• AIM OF THE TASK:
Given the listing below, output exactly the line containing "HERMES CHYPRE SANDAL RED H222153Z" and every line after it through the end.

::: EXTRACTED DATA

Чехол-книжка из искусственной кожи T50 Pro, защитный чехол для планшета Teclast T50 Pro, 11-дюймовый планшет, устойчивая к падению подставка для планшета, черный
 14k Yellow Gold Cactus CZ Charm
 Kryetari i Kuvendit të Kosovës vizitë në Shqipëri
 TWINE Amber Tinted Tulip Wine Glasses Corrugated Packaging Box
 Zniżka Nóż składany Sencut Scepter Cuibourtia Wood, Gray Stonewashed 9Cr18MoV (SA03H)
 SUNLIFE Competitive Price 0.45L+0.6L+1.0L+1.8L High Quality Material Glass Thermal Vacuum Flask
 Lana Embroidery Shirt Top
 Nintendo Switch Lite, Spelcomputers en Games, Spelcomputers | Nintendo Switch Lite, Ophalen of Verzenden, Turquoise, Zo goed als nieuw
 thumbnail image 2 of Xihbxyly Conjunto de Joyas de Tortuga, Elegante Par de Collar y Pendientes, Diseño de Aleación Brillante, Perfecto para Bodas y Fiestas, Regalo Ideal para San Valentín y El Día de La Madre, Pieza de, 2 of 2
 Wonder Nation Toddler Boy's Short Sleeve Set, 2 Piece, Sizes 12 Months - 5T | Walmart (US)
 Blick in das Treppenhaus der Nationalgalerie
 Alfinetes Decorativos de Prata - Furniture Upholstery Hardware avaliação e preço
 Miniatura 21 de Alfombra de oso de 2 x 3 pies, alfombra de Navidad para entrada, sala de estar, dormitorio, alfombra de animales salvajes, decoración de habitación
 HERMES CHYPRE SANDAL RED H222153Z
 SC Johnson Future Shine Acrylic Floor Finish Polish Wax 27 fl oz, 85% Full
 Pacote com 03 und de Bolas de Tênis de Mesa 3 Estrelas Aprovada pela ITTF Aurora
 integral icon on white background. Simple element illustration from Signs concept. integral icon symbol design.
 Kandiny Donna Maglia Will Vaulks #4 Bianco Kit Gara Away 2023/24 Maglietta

::::::

• SOLVED EXERCISE:
 HERMES CHYPRE SANDAL RED H222153Z
 SC Johnson Future Shine Acrylic Floor Finish Polish Wax 27 fl oz, 85% Full
 Pacote com 03 und de Bolas de Tênis de Mesa 3 Estrelas Aprovada pela ITTF Aurora
 integral icon on white background. Simple element illustration from Signs concept. integral icon symbol design.
 Kandiny Donna Maglia Will Vaulks #4 Bianco Kit Gara Away 2023/24 Maglietta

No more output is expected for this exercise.